‘Youth of today are the leaders of tomorrow,’ is a precise and judicious remark made by Nelson Mandela. Gaining insight into youth perspectives and making them aware of the current issues could be an assurance for a better future. Youth perceptions on social issues could bring remarkable transformation in our society through their fresh take on existing problems. It is crucial that they understand, participate, and voice their opinions on community problems and we support and be inclusive of the youth perspectives as they are our future.
We started by asking our young participants whether they felt homelessness was an issue in Clacks and whether they knew someone at the risk of homelessness or is homeless. More than half (66.7%) of the participants responded that homelessness was an issue in Clacks. While (55.6 %) participants thought they knew someone at risk of homelessness or being homeless. Further, we wanted to ascertain the degree of awareness the young participants demonstrate regarding homelessness.
We continued to test their knowledge by asking about the current statistics and procedural aspects. We enquired about the number of homeless applications submitted in Clacks from 1st April 2019 to 31st March 2020. The correct answer was 523 out of the choices given to the participants, ( 1- 250, 251-500, 501-750 ), the majority chose 251-500. 33.3% chose the bracket of 501-750, and none of the participants chose the smallest bracket of 1-250. The majority of participants chose the option closest to the actual number. The Clackmannanshire Council received 523 homeless applications. However 424 applicants were considered homeless during the said period.
Interestingly the participants correctly estimated the number of homeless people in Clacks per 1000. The total number of participants also precisely judged that Clacks was the 3rd worst-rated for homelessness across Scotland. Additionally, all the participants were aware of the procedural aspect as they were aware of the authority to approach to declare homelessness.
Next, we tried to link homelessness with the criminal justice system. We asked the participants to use their best judgment to answer the following question that was based on the ‘Hard Edges Scotland research’. We asked them to gauge the number of people who experience a combination of offending substance misuse and homelessness within one year.
Young people’s perspective on ties between homelessness and criminal justice is illustrated in the figure below.
The HM Inspector of probation (HMIP) reported that 35% of people were released from prison to homelessness in 2018 -19. These people were almost twice as likely to commit the offence again. We asked the participants to find the percentage of people released from prison leading to homelessness. Out of the options given to the participants, 44.4% of participants chose 35%, 55.55% thought that the correct answer was 52%, and none of them selected 13%.
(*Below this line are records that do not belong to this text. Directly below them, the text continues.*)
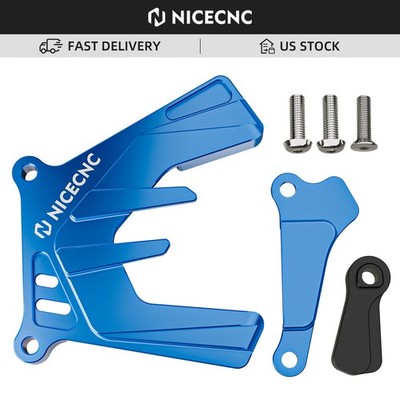 For Yamaha YZ250 2000-2024 NICECNC Front Sprocket Cover Case Saver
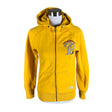 Unisex Peak Performance - Hoodie, size 34 - Yellow ()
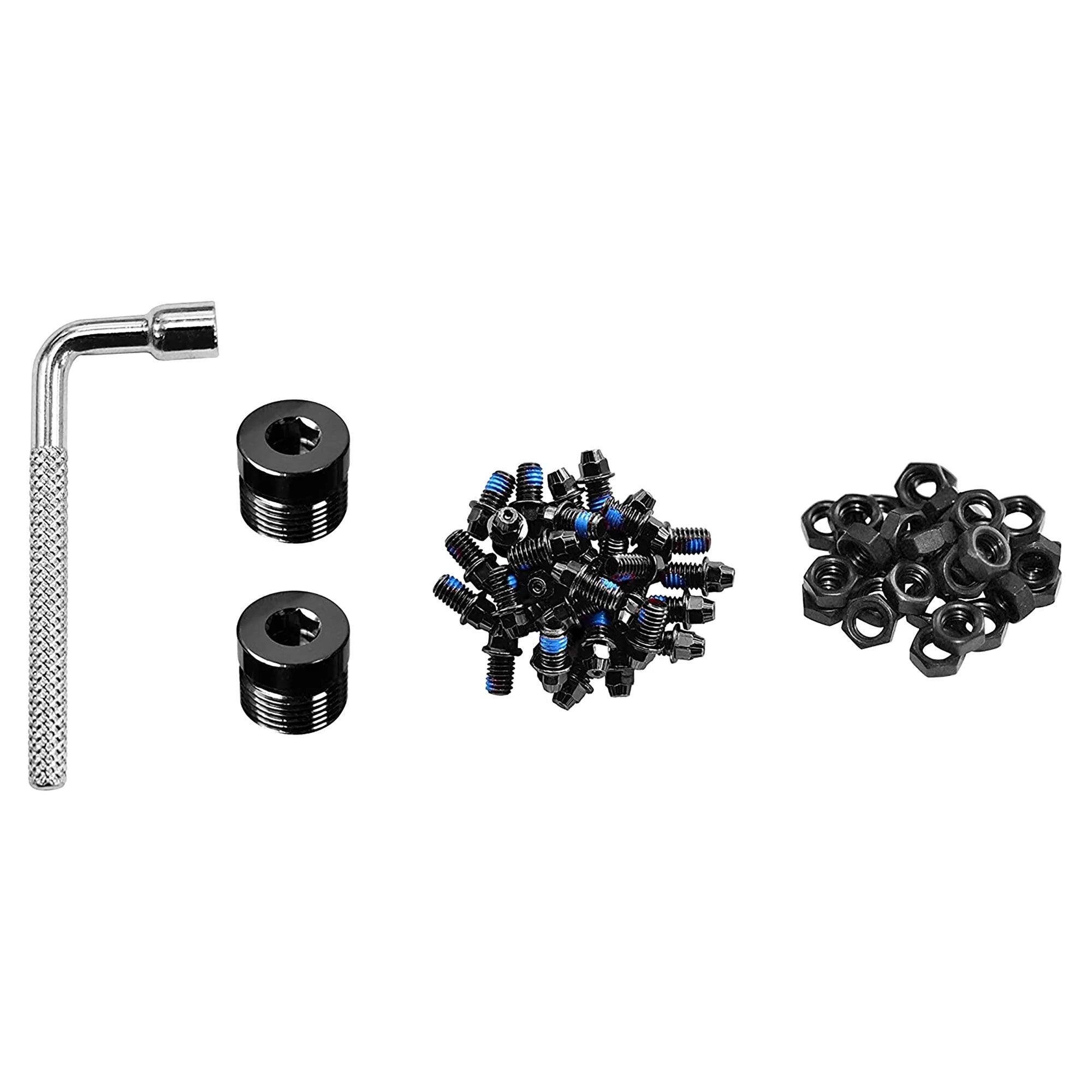FUNN Black Magic Pedal Pins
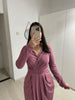 1093 - Pink dress
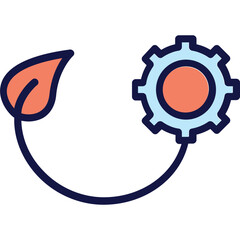 Development, idea Vector Icon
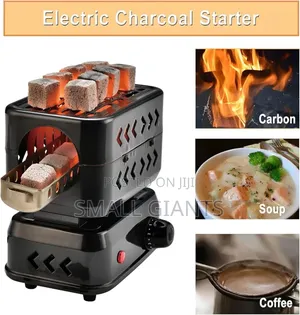 Boko Electric Charcoal Burner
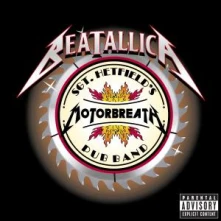 CD  BEATALLICA - SGT. HETFIELD'S MOTORBREA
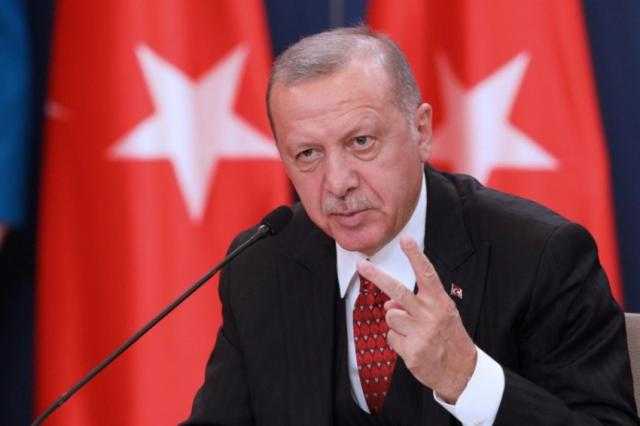 رئيس مجلس حكماء ليبيا : أردوغان جلب مرتزقة بأموال قطرية فاسدة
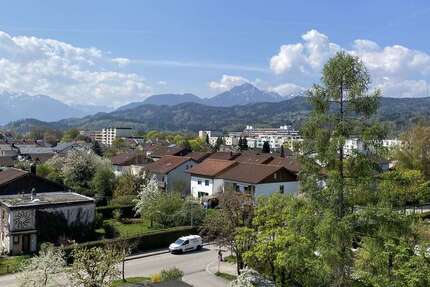 Wohnung Ainring - 2 Zimmer, 58 m&sup2;, 693&euro; | Angebot:26827733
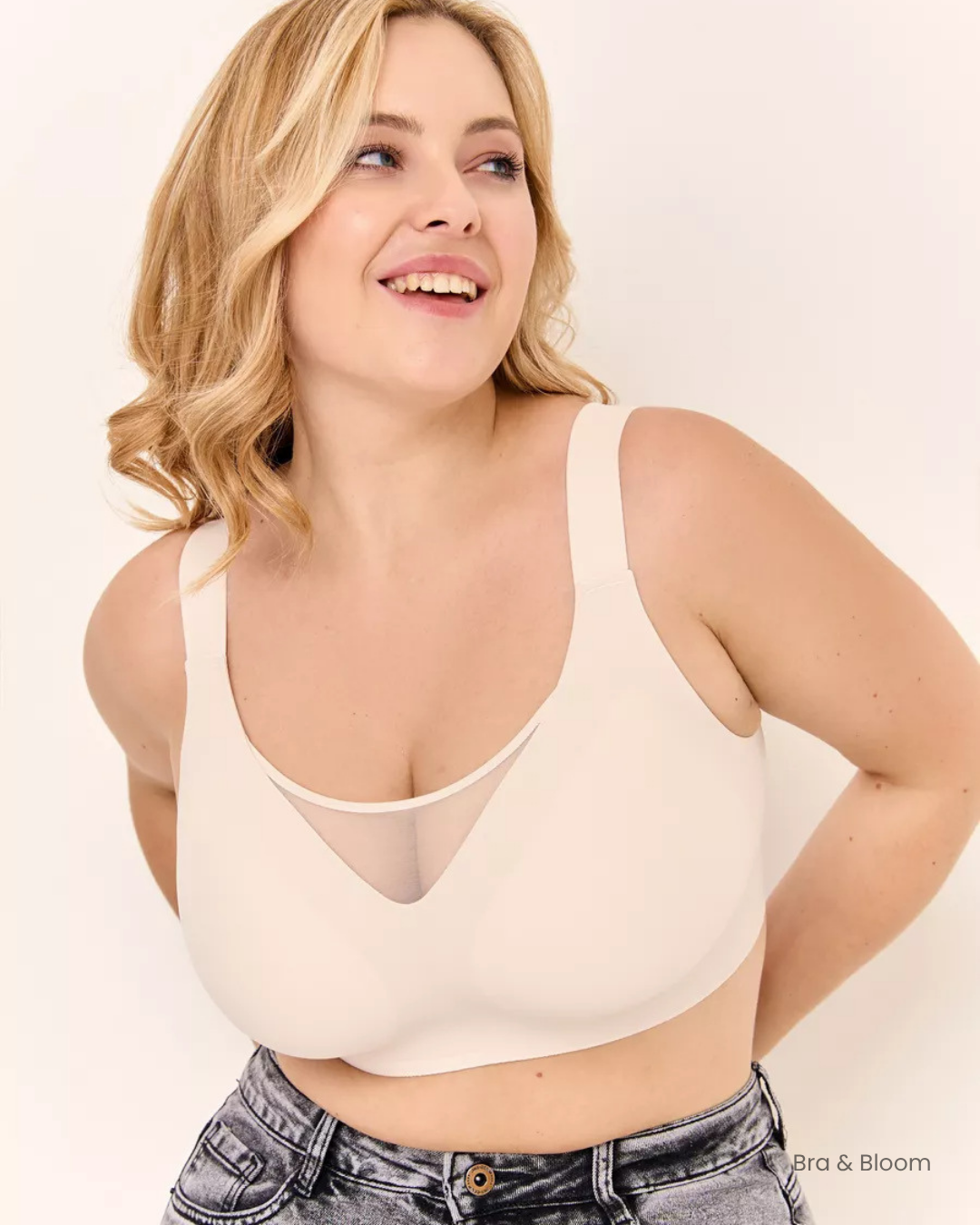 PureEase® | The Uncompromised Comfort Bra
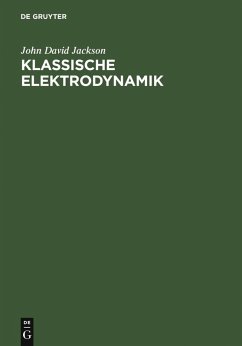 Klassische Elektrodynamik (eBook, PDF) - Jackson, John David
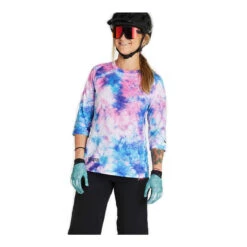DHaRCO Women's 3/4 Sleeve Mountain Bike Jersey 12 DHaRCO Women's 3/4 Sleeve Mountain Bike Jersey -Campman Sales Store L34J 4 copy 06517.1649106228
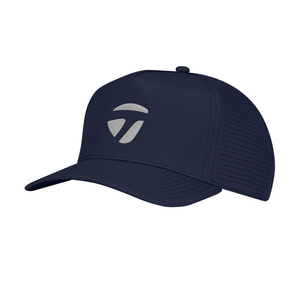 NEW 2026 TaylorMade A-Frame Performance Navy Adjustable Snapback Golf Hat/Cap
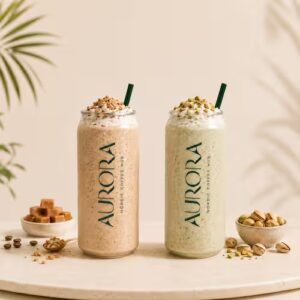 Crunch Drinks | مشروبات كرنشي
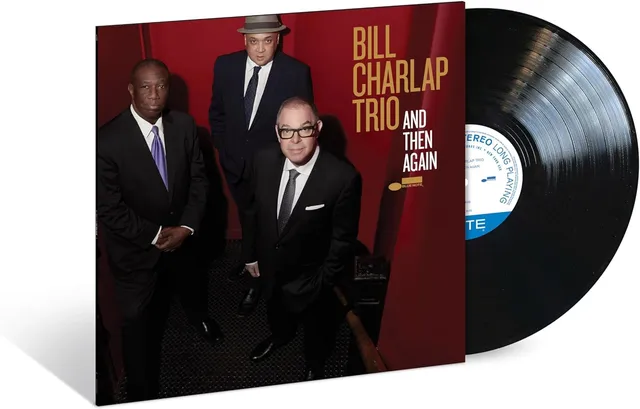 Bill Charlap Trio And Then Again (LP) 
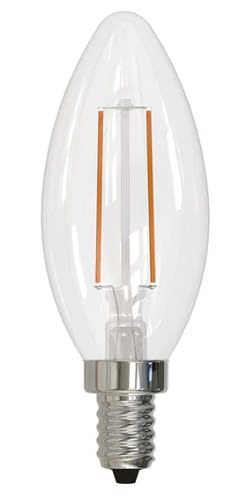 Bulbrite Industries, Inc - BULR 776756 LED4B11/27K/FIL/4/JA8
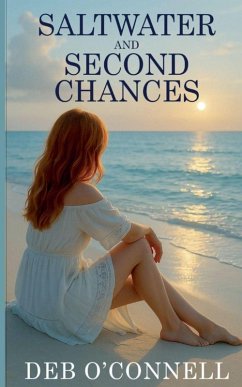 Cover Saltwater and Second Chances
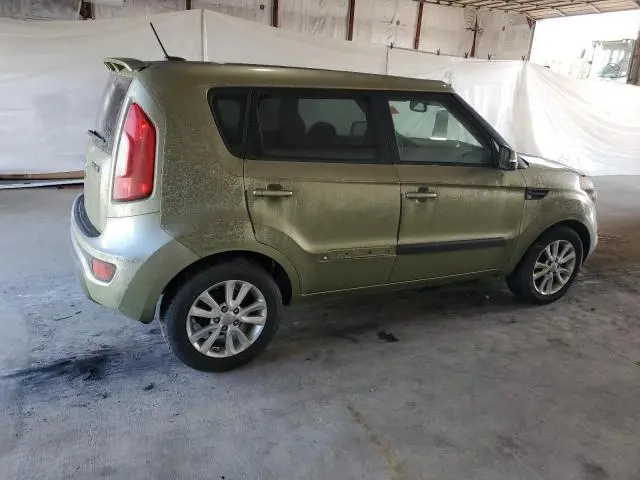 2012 KIA SOUL +  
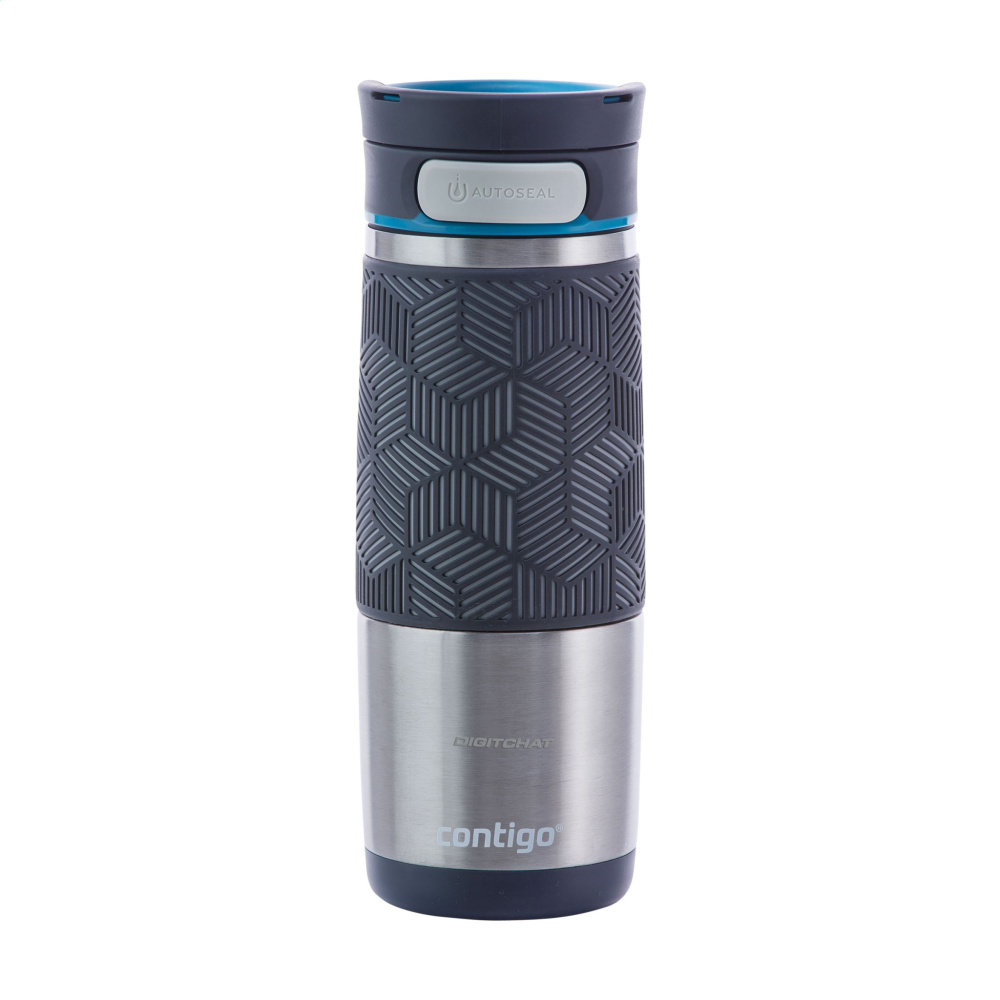 Logotrade Logogeschenke das Foto: Contigo® Transit 470 ml Thermobecher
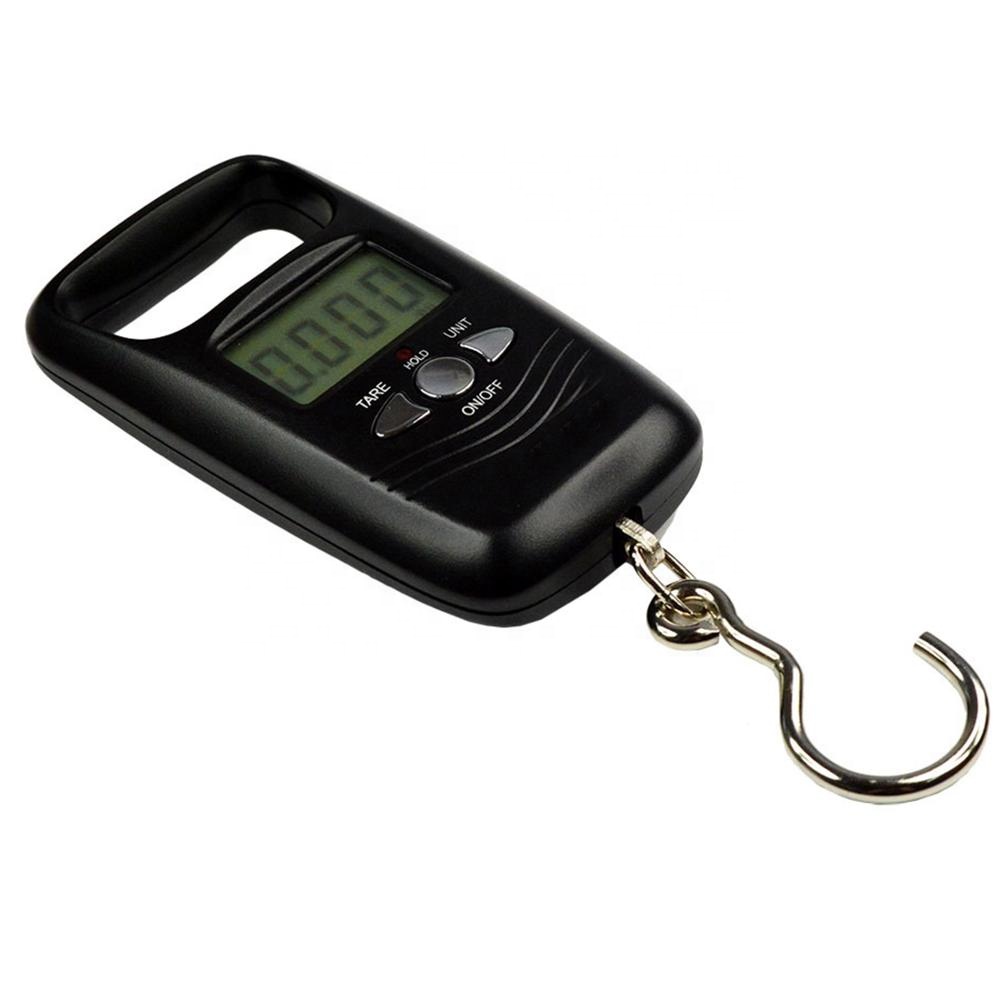 Mini waga hakowa do ważenia ry – Luggage Scale Hanging recenzja i cena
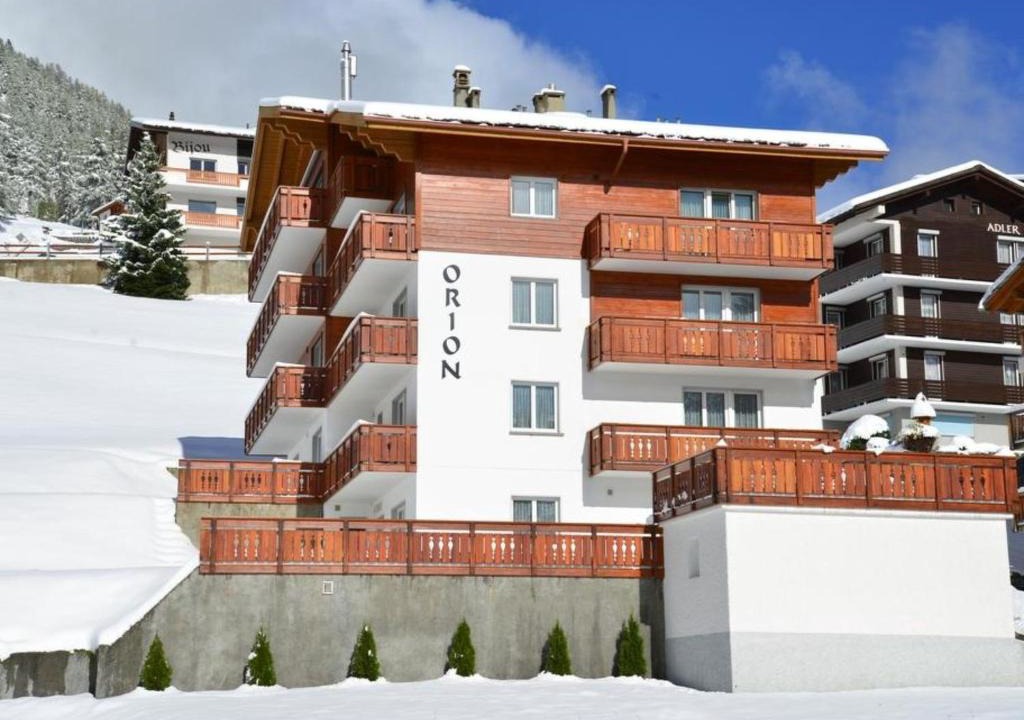 Saas-Fee Apartment | Apartment Haus Orion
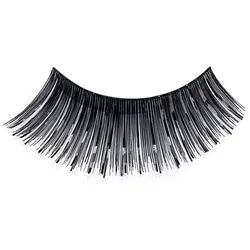 FANTASY Wimpern "Volume", schwarz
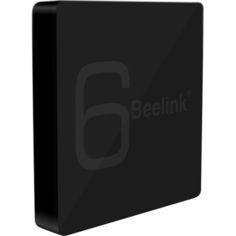 Акция на Приставка Smart TV Beelink GS1 6K TV Box Allwinner H6 2/16GB Android 7.1 от Allo UA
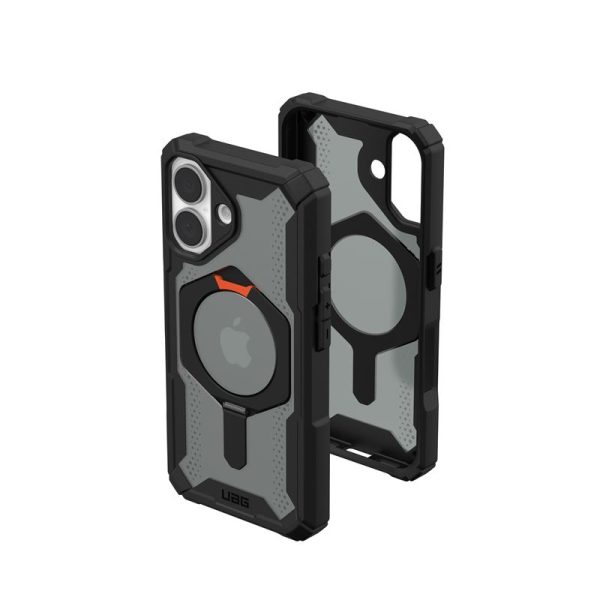 UAG Plasma XTE Magsafe Black/Orange-iPhone 16 (114476114097) - Image 14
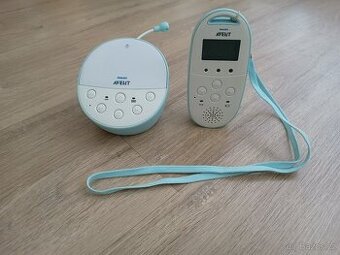 Digitální chůvička Philips Avent SCD 560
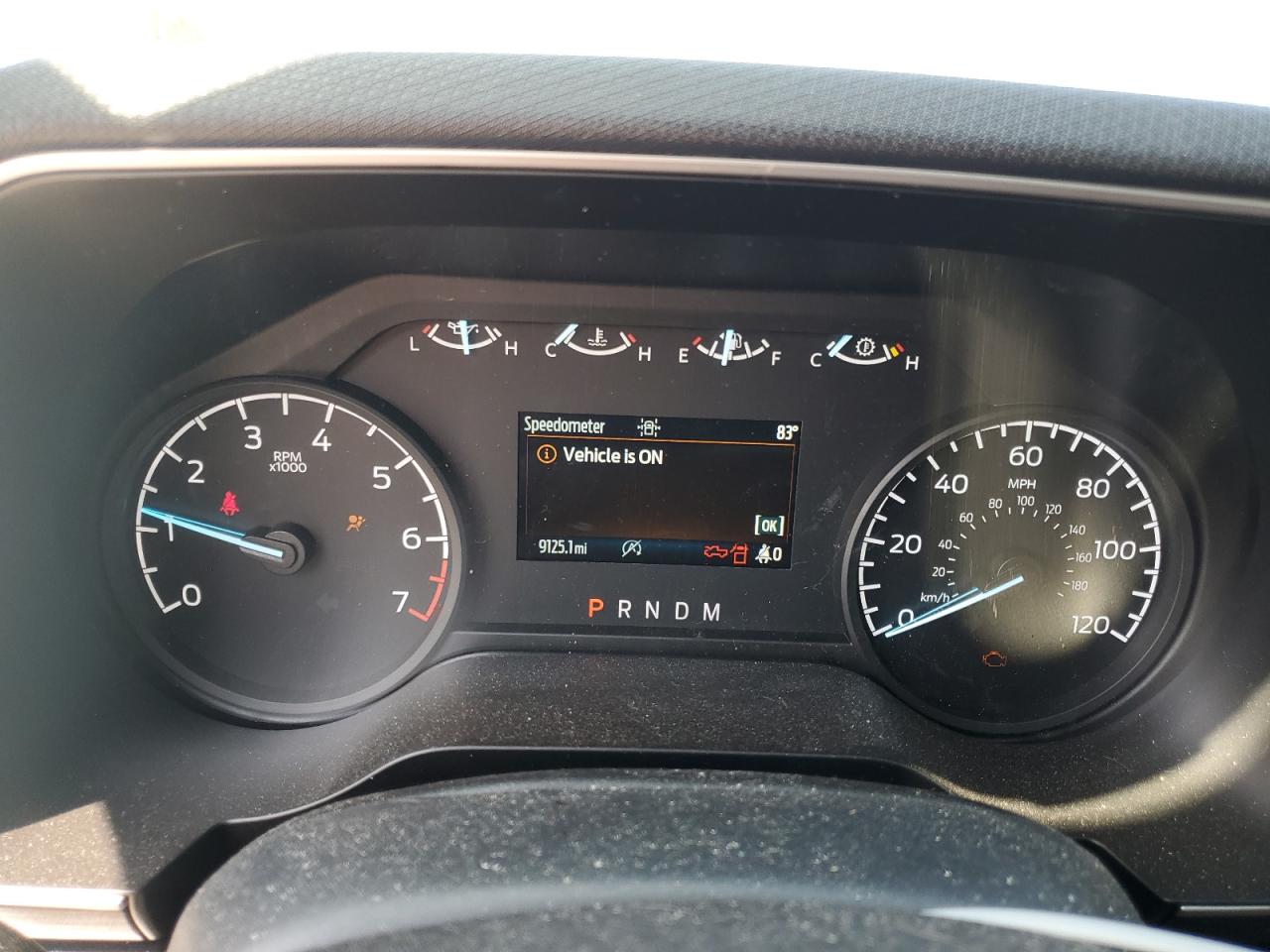 2023 FORD F150 SUPERCREW VIN:1FTEW1EP4PFC29675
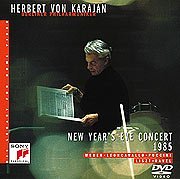 【中古】ニューイヤー・イヴ・コンサート 1985 [DVD]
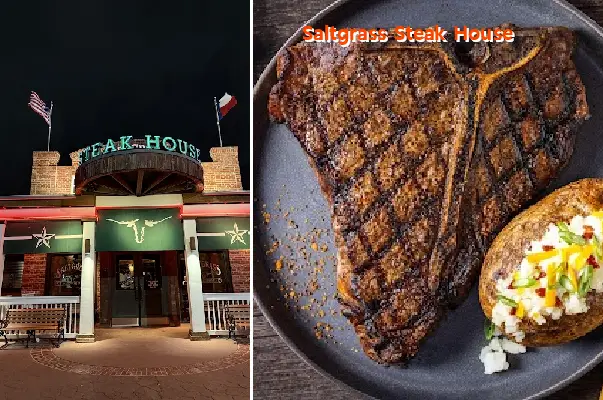 Saltgrass Steak House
The next question connects homelessness and serious offences. A recent study found that 40% of homeless people commit imprisonable offences to spend the night in prison rather than the streets. 11.1% of young participants thought that 20% of homeless people commit a crime to spend the night in jail rather than on the street. The majority of the participants chose the correct answer. The remaining 33.3% answered 60% of people committed crimes to spend the night in prison.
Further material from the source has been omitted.